Dinner last night for them was gorgeous grilled halibut on sale at Whole Foods ($20 from the usual $29/lb) eaten Korean-style, wrapped up in ssam (romaine), with bean-y brown rice and dabbed with gochijang/daenjang/sesame oil. Mom made a Korean-ish cabbage soup that went quite well with the meal.
Lurvvv roasted cauli. My favorite prep for it by far.
Dayum! It all looks amazing. Of course I can’t eat most of it, but a girl can dream
I can’t Like this 50 times, can I? I thought not.
WFD: Tonight’s meal has nothing to do with Grace Young’s Wok Wednesday FB group to which I belong, but everything to do with the techniques I’ve learned from GY and Fuchsia Dunlop. The group cooks certain scheduled recipes from Grace’s Stir-Frying To the Sky’s Edge. This week is a shrimp recipe I’ve cooked in the past but would have made tonight except for my quest for wild shrimp, not farmed. Wild shrimp mail order are out there but you know…shipping shrimp? I’m just Yankee enough not to do that.
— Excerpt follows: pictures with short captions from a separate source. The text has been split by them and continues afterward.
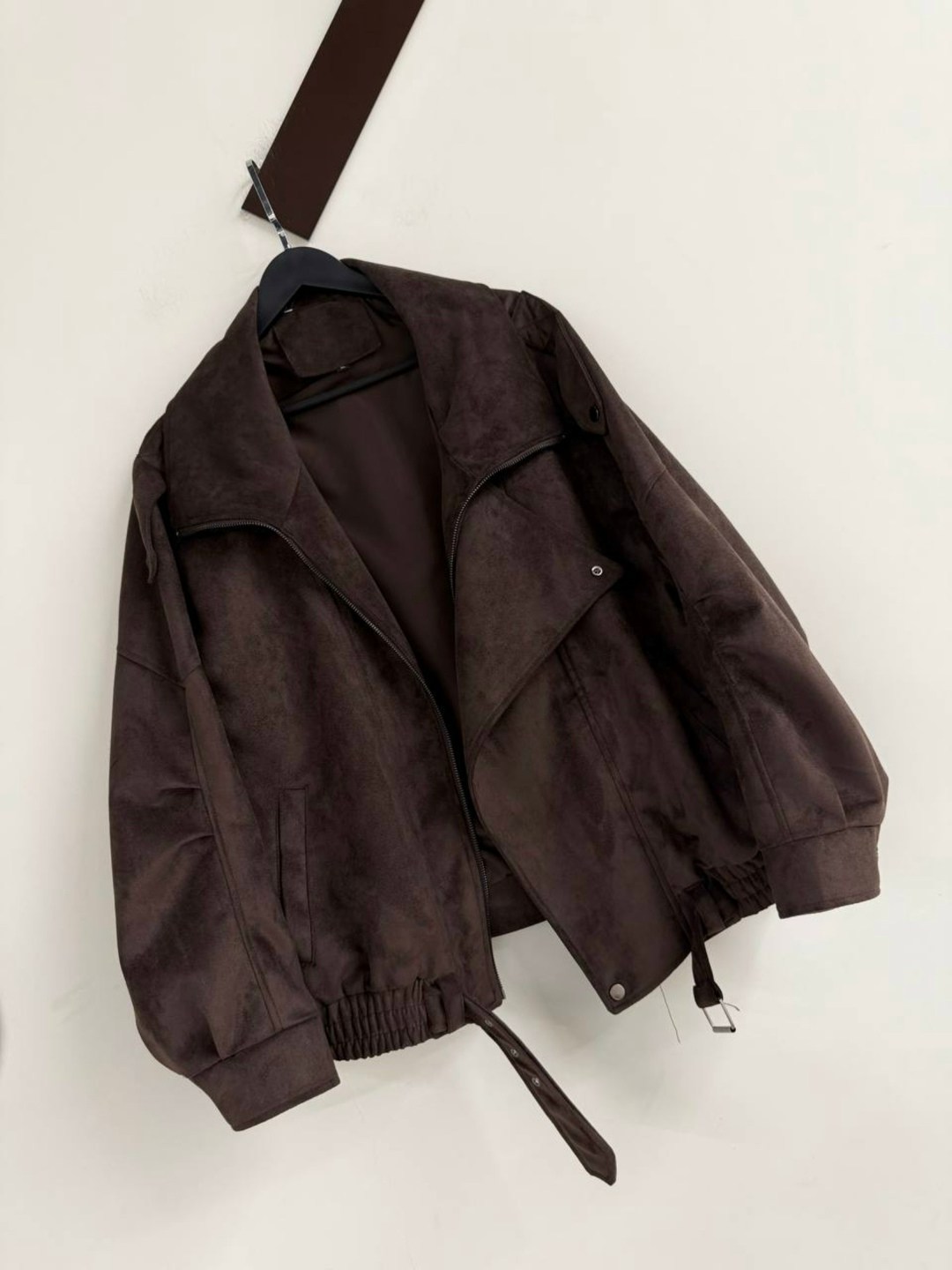 куртка замшевая,женская куртка бомбер из эко замши коричневого цвета,трендовая куртка замшевая,куртка бомбер женская,замшевая куртка женская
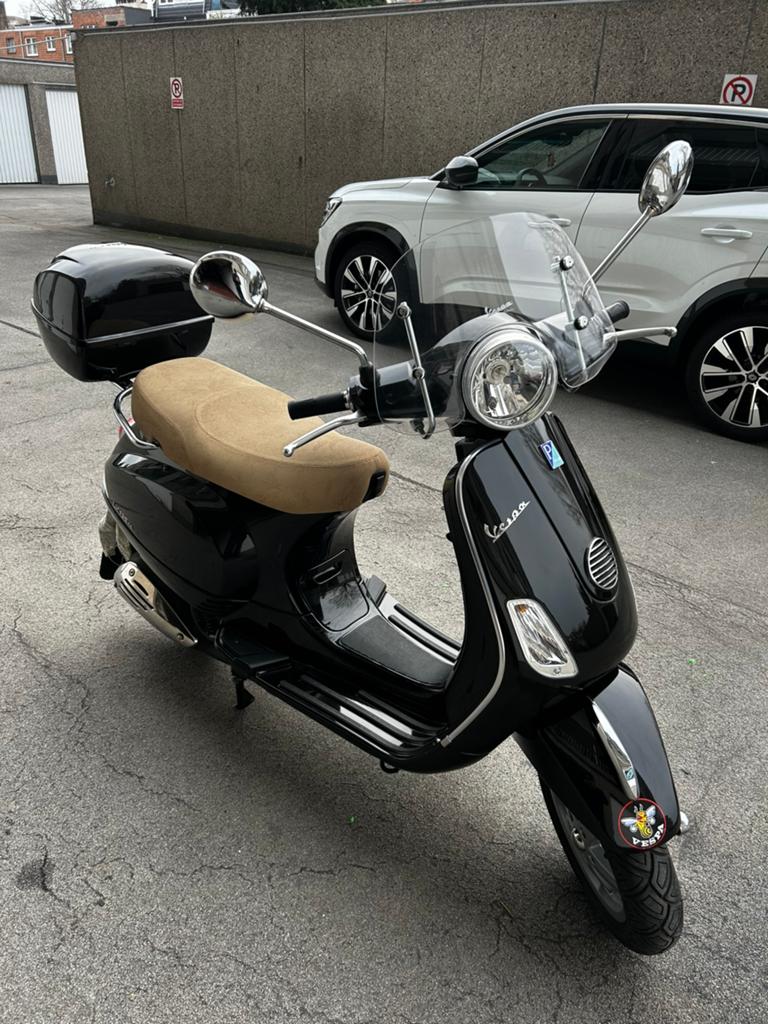 Vespa lx 125 noir avec top case et pare brise, 125 cm³, Classe B (45 km/h), Enlèvement, Utilisé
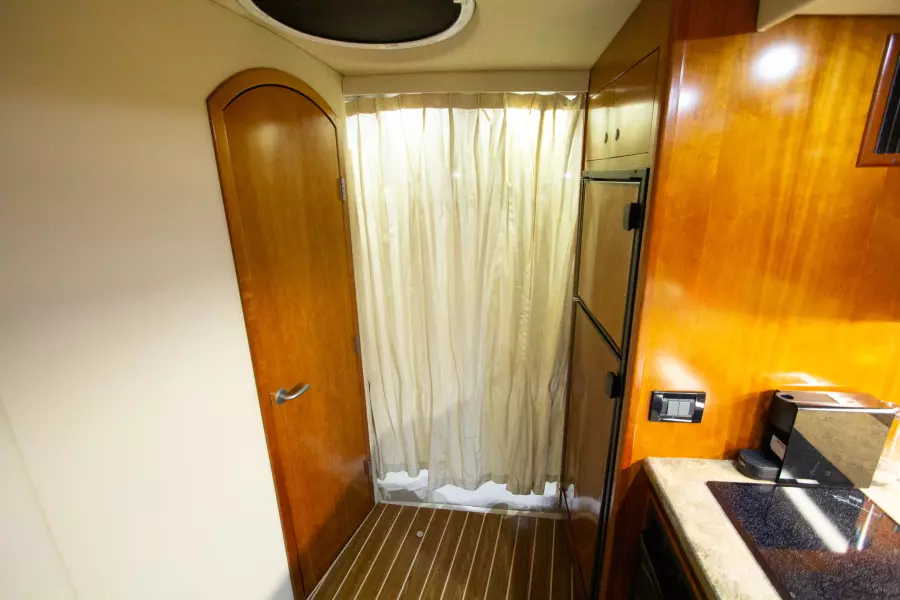 2008 Cruisers Yachts 420 Express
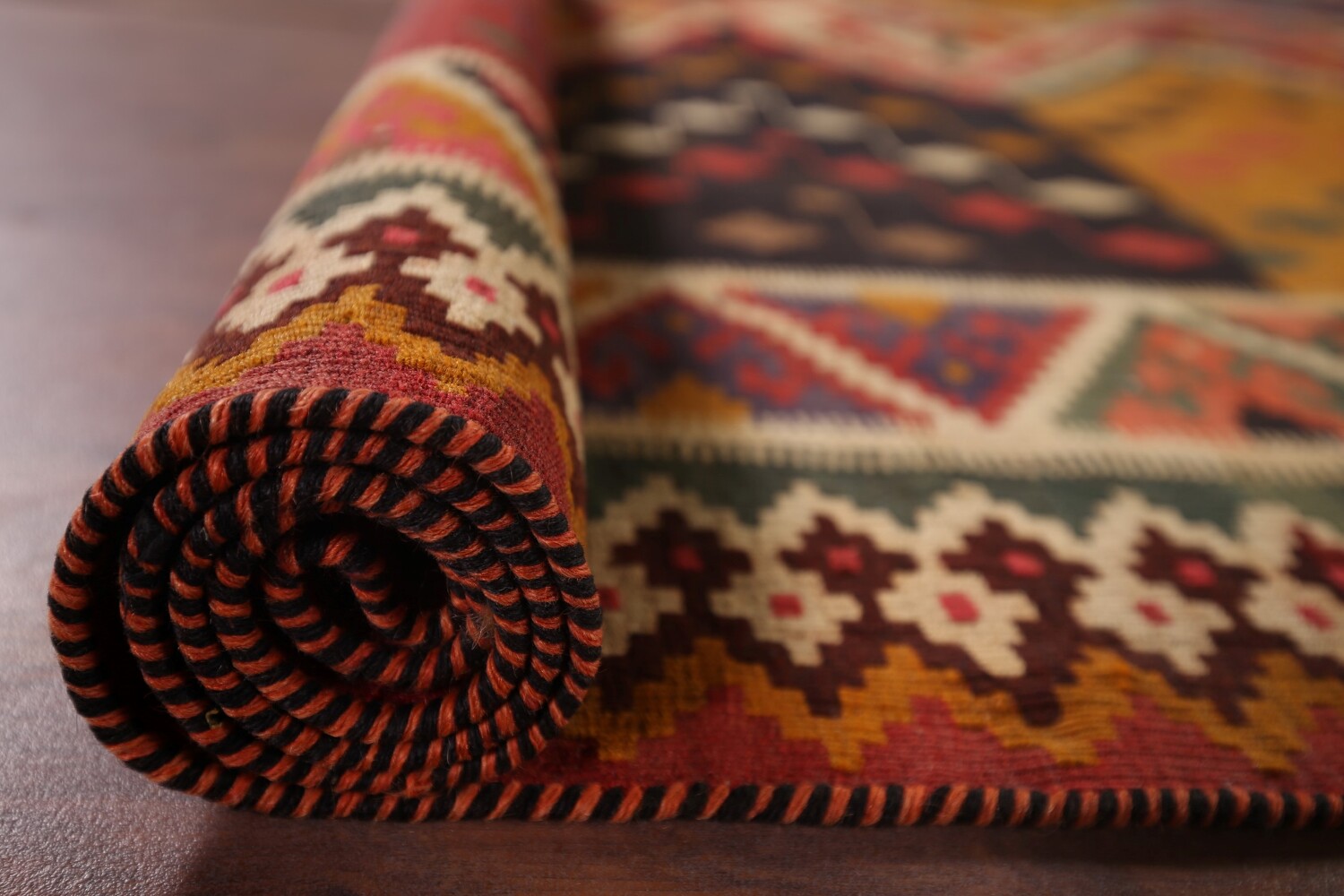 Vegetable Dye Kilim Qashqai Antique Persian Rug 5x8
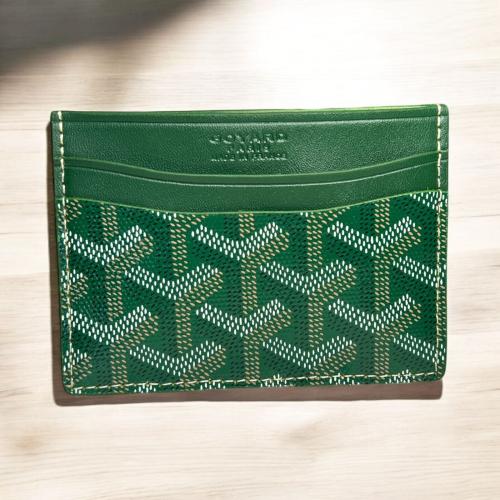 محفظه بطاقات من براند قو يارد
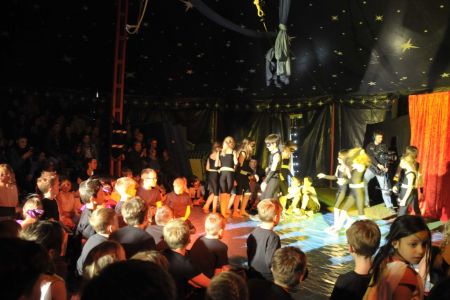 Projekttage_1998-1999_zirkus (13).jpg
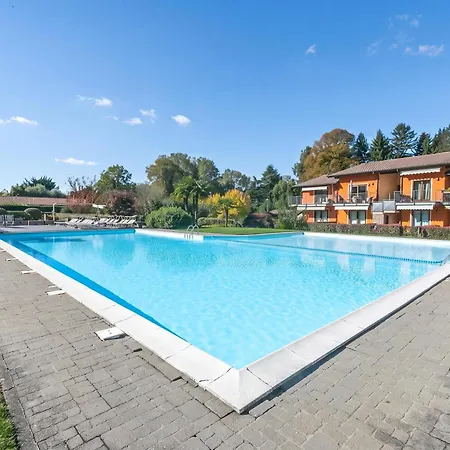 Blu Oltrelago: Maggiore W/ Shared Pool & Garden - Happy Apartment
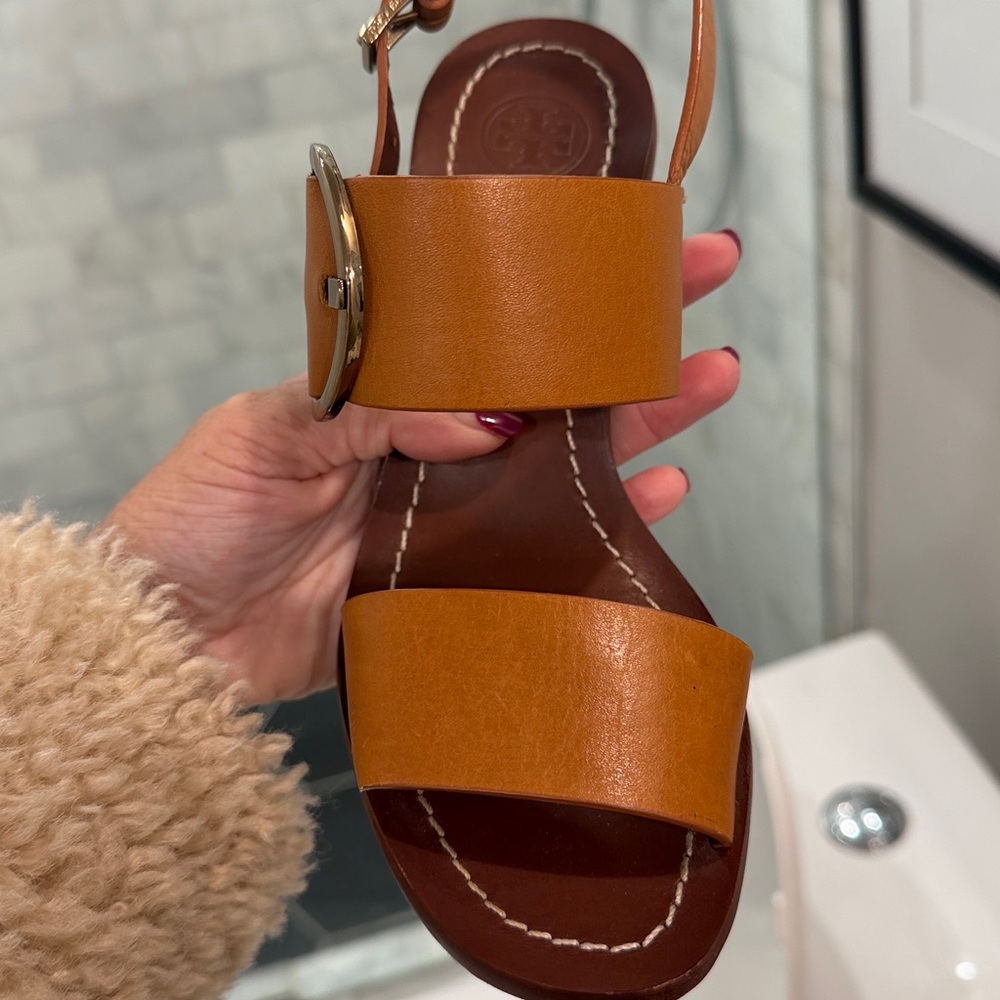 Tory Burch 5.5 Thames MONARK VACHETTA custom tan leather heeled sandals - Picture 15 of 15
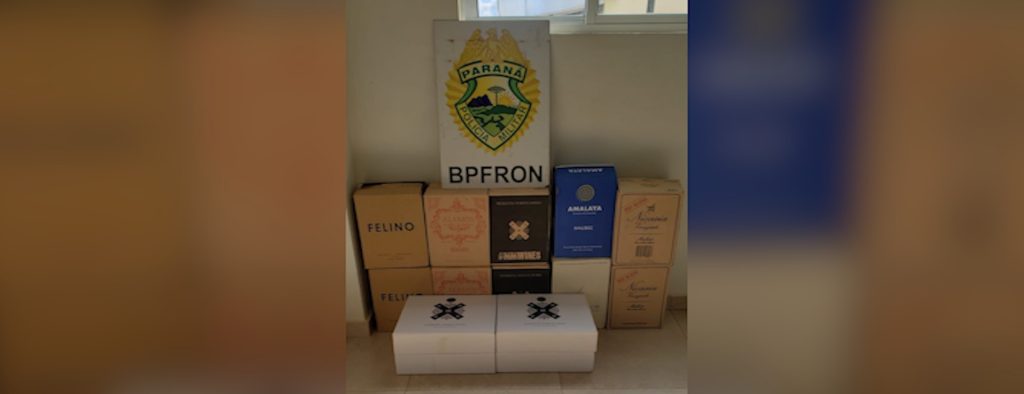 Operação policial descobre 14 caixas de vinho sem trâmites aduaneiros em Santo Antônio do Sudoeste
Stir-fried Chilli Pork. Ingredients: soy sauce; mirin; hoisin sauce; sesame oil; dried chilli flakes; boneless pork chops sliced in thin strips ; minced garlic; Thai bird chillies, and crushed red pepper flakes; scallions; dry-roasted peanuts
Spicy Stir-Fried Zucchini and Bean Sprouts. Ingredients: toasted sesame oil; a pinch of Kosher salt; garlic chili paste; grated ginger. Chopped cilantro over top
Steamed Basmati
Dinner tonight is a beautiful 2 lb skin on fillet of Scottish salmon. I will serve it with spanikopita, heavy on the spinach not so much phyllo, herbed baby white potatoes, and some carrots I purchased at the Farmer’s market this weekend. I love it when we have “family” dinner in the middle of the week with all four of us around the table.